Stations of the Cross charm revealed

A sample of Joanna Paul's Stations of the Cross in St Mary Star of the Sea Catholic Church at...
A sample of Joanna Paul's Stations of the Cross in St Mary Star of the Sea Catholic Church at Port Chalmers.
A sample of the reproductions that usually adorn the walls. Photos supplied.
A sample of the reproductions that usually adorn the walls. Photos supplied.

On Saturday December 13, I attended a mass at St Mary Star of the Sea at Port Chalmers.

I am not any kind of religious believer but I understood the late Joanna Paul's (1945-2003) Stations of the Cross would be unusually on show and indeed they were.

The church is an attractive small stone building designed by the distinguished architect Francis Petre (1847-1918) and dedicated in 1878. It is modest and fairly plain but by no means unattractive.

The service was dignified, often elegant and not without its human touches and was conducted by Father Aidan. There were some in attendance I took to be regular parishioners but also a number of Ms Paul's friends and relations.

Ms Paul was a Catholic and lived in Port Chalmers in the early 1970s when her stations were painted. They are simplified images, deliberately primitive if you like and intensely, though not luridly coloured. I imagine that following the example of Colin McCahon (1919-1987), one of her teachers, she considered this approach most suitable for the purpose and the setting.

Ms Paul was the daughter of Blackwood and Janet Paul, progressive booksellers and thinkers in Hamilton. Art, literature and music were things taken seriously in that household and Ms Paul was also to develop an interest in and feeling for architecture.

Among overseas painters it has been said Vanessa Bell, Duncan Grant, Bonnard and Morandi were her life-long exemplars.

She attended Marsden College and then the University of Waikato where she studied History, French and English. She spent a year in in London with her family and studied figure drawing and painting at the Sir John Cass School.

She returned to New Zealand in 1965 in which year her father died and she became a Catholic the year after.

She studied English and Philosophy at Auckland University and graduated in 1968 with a BA. In 1967 she had enrolled at Elam and was taught by McCahon, Greer Twiss and Tom Hutchins. She graduated with the Diploma of Fine Arts in 1969.

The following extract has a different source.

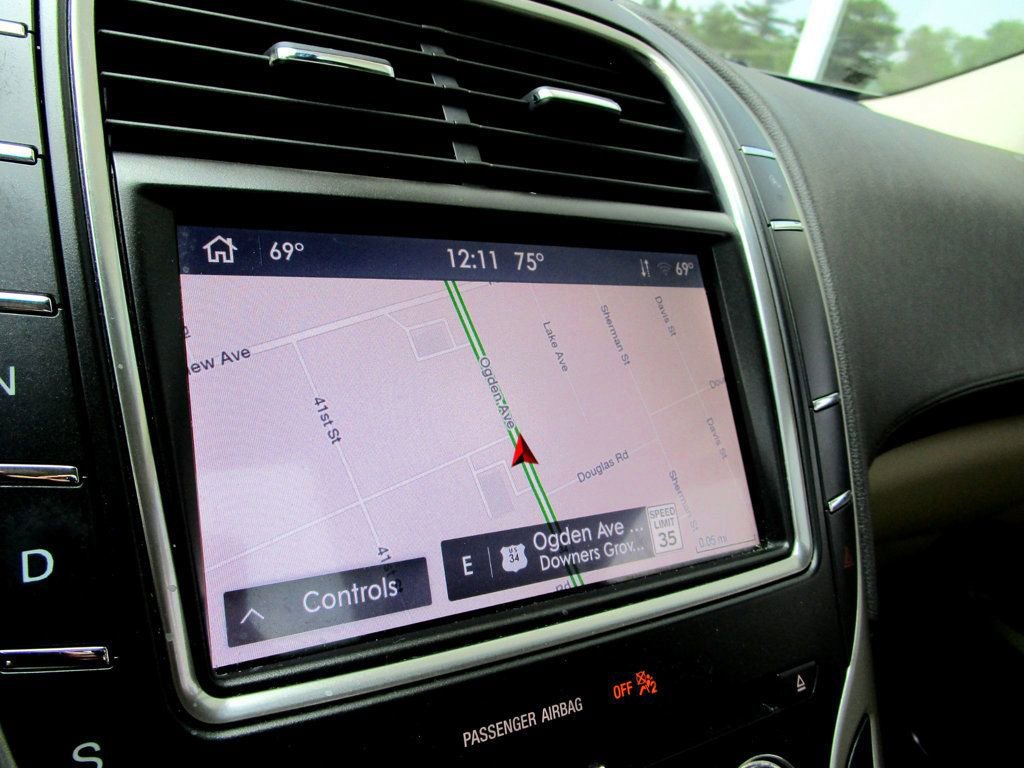 Used 2020 Lincoln Nautilus Reserve AWD/4WD image 3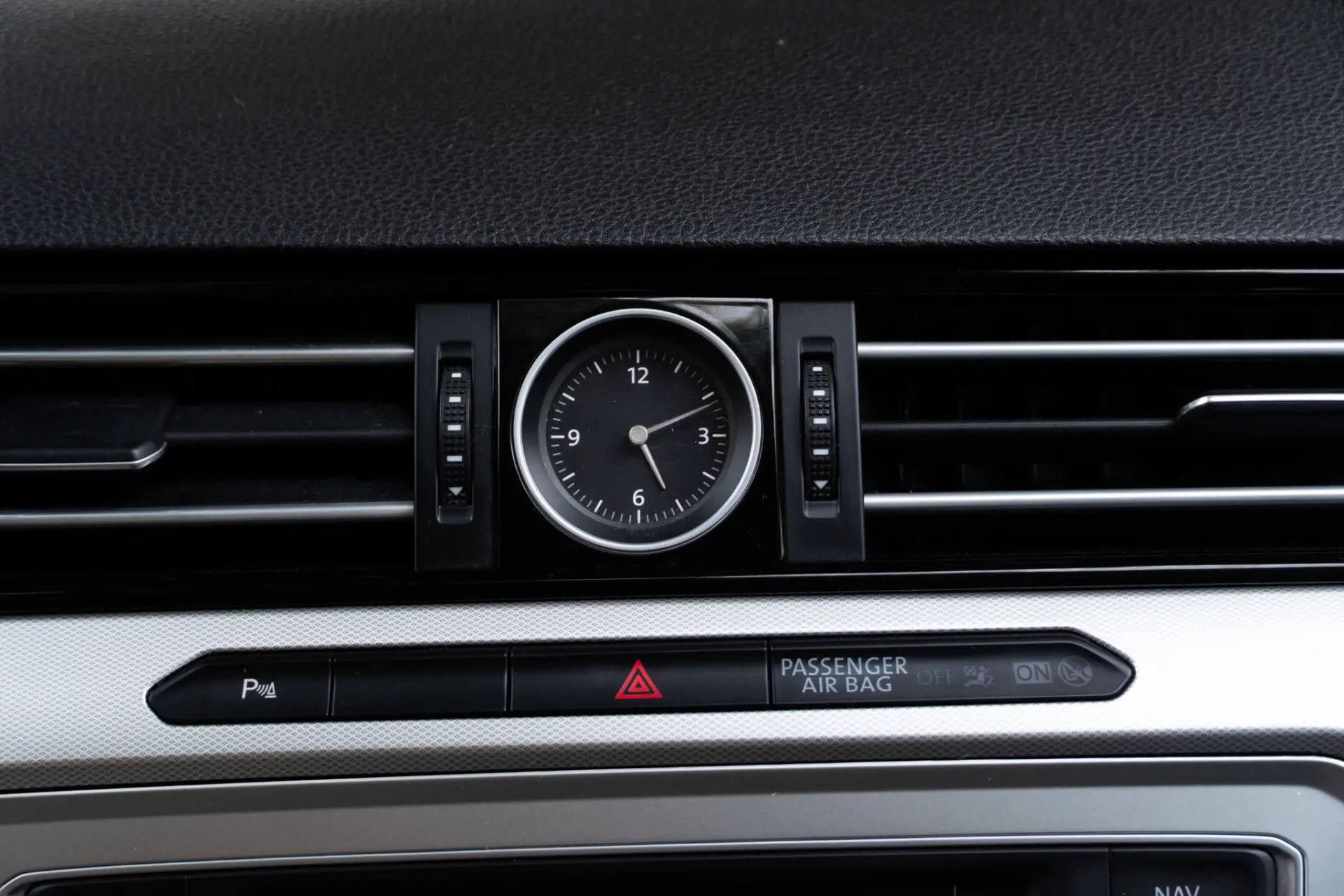 Volkswagen Passat Variant 1.6 TDI Confortline DSG 19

She spent most of her adult life living in relatively small centres, the first of which was Port Chalmers in 1970, and then Seacliff in 1971. That year she married the expressionist painter Jeffrey Harris (b.1949), started making experimental films and wrote her first considered poetry. It was in this year she painted the Stations of the Cross for St Mary Star of the Sea.

Ms Paul and Mr Harris were later in Wellington where a daughter, Ingrid, was born. They were then on Banks Peninsula where a daughter Imogen was born who sadly died a few months later in late 1976.

Harris was awarded the Frances Hodgkins fellowship and the family moved to Dunedin in 1977. There were another daughter and a son and in 1982 their last son, Pascal, was born. Ms Paul was awarded the Frances Hodgkins Fellowship for 1983.

The following year her marriage ended and she moved north, settling in Wanganui. There she met the architect Peter Harrison whom she married in 2003. Later that year she died accidentally, overcome by fumes at a Rotorua hot pool.

The 14 Stations of the Cross represent incidents as Christ proceeded to his death and later. They include his condemnation, his carrying the cross, his falling under its weight three times, his encountering his mother, Simon of Cyrene helping him carry the cross, his crucifixion, death, the deposition - his being taken down from the cross - and his being laid in the tomb, among other scenes.

These are highly significant events for believers and their representations are frequently intense and harrowing.

Over the long centuries since their presence became common in Catholic churches their artistic treatment has varied with the numerous changes in art. Paul appears to have chosen to return to the simplicity of the very earliest Christian imagery.

The figures are outlined in black. There are few, though bold, colours. Much is left white, or unpainted. They are grouped in plastered diptychs and triptychs. Suffering is apparent but also much sympathy and empathy. They are very well suited to the church.

Some time ago they were covered up with more conventional reproductions of what appear to be 19th century European works. It has been suggested some of the parishioners don't care for Ms Paul's stations and prefer the reproductions.

Ms Paul's works were uncovered for a memorial service for the late Ralph Hotere (1931-2013) but have been covered again until this 13th of December when they were to stay on show for a week.

At least some of the congregation would like to see them remain visible. I think it would be a better choice.

Peter Entwisle is a Dunedin curator, historian and writer.